- Conference: Pacific-10 Conference
- Record: 13–16 (7–11 Pac-10)
- Head coach: Dick Bennett (1st season);
- Assistant coach: Tony Bennett
- Home arena: Beasley Coliseum

= 2003–04 Washington State Cougars men's basketball team =

American college basketball season

The 2003–04 Washington State Cougars men's basketball team represented Washington State University for the 2003–04 NCAA Division I men's basketball season. Led by third-year head coach Dick Bennett, the Cougars were members of the Pacific-10 Conference and played their home games on campus at Beasley Coliseum in Pullman, Washington.

The Cougars were 13–15 overall in the regular season and 7–11 in conference play, tied for seventh in the standings.

Seeded eighth in the conference tournament, the Cougars met top seed and second-ranked Stanford in the quarterfinal round and lost by 21 points.
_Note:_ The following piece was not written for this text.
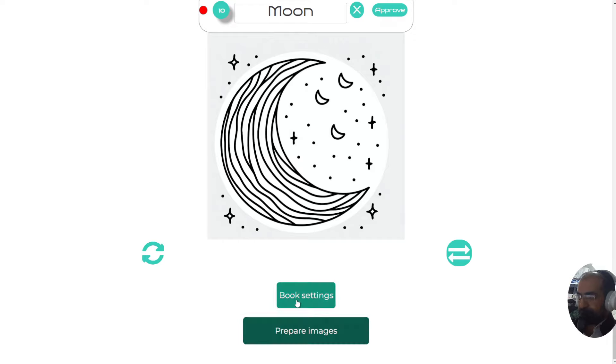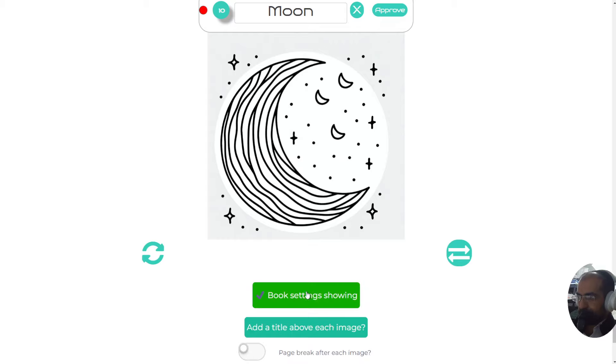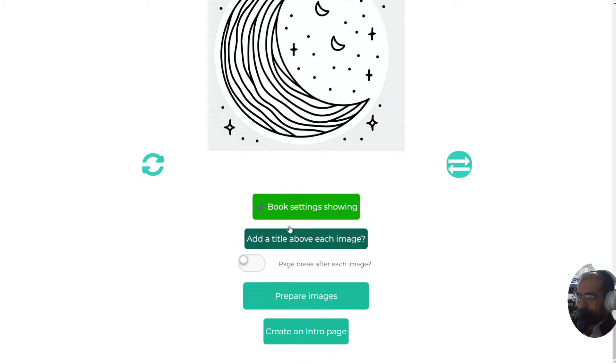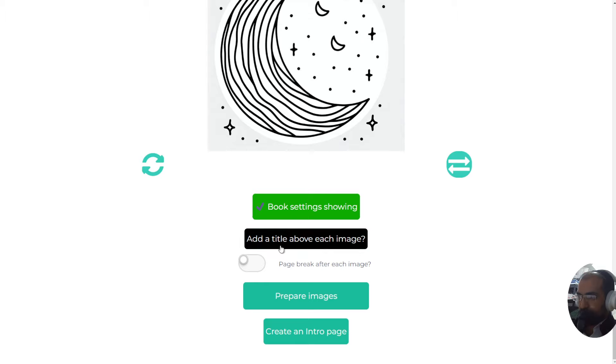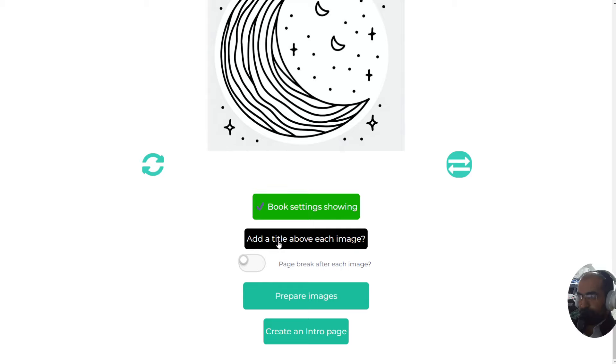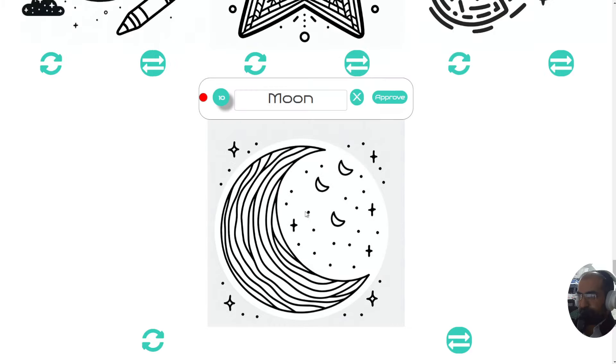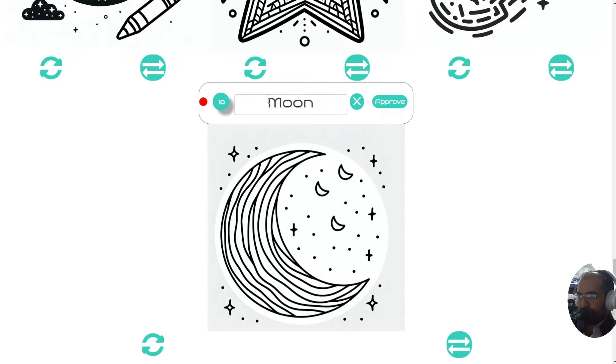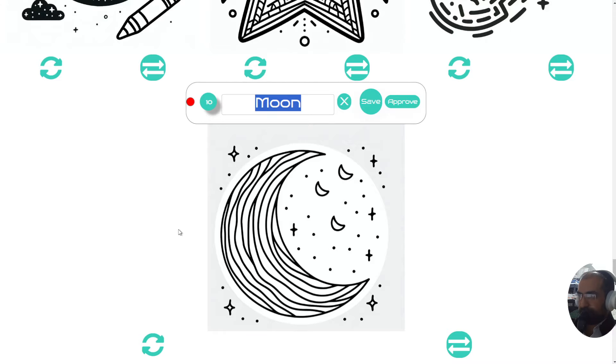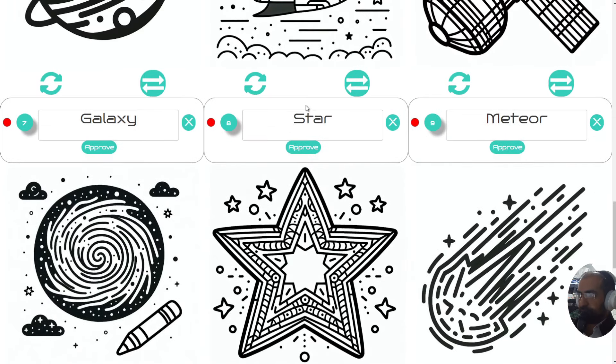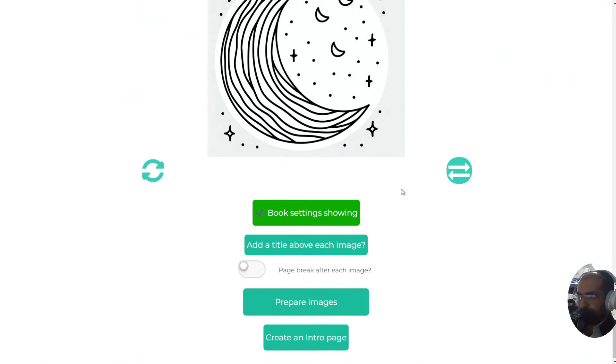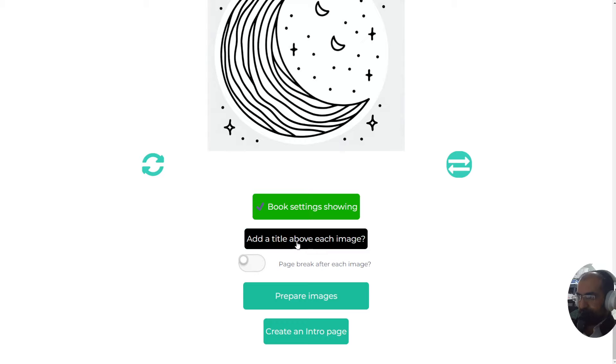Let's click on book settings. You can add a title above each image in the book. This is highly recommended because then it will allow you to have a contents page automatically in Microsoft Word, and also it's more dynamic for the person coloring in so they can know what each thing is. This will say moon on top of this, and this will say star, this will say galaxy, etc. Let's click on that button - titles will be added.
Bennett was hired in March 2003; he was formerly the head coach at Wisconsin.

==Postseason result==

| Date time, TV | Opponent | Result | Record | Site (attendance) city, state |
Pacific-10 Tournament
| Thu, March 8 12:15 pm, FSN | vs. No. 2 (1) Stanford Quarterfinal | L 47–68 | 13–16 | Staples Center Los Angeles, California |
*Non-conference game. ^{#}Rankings from AP poll. (#) Tournament seedings in parentheses. All times are in Pacific time.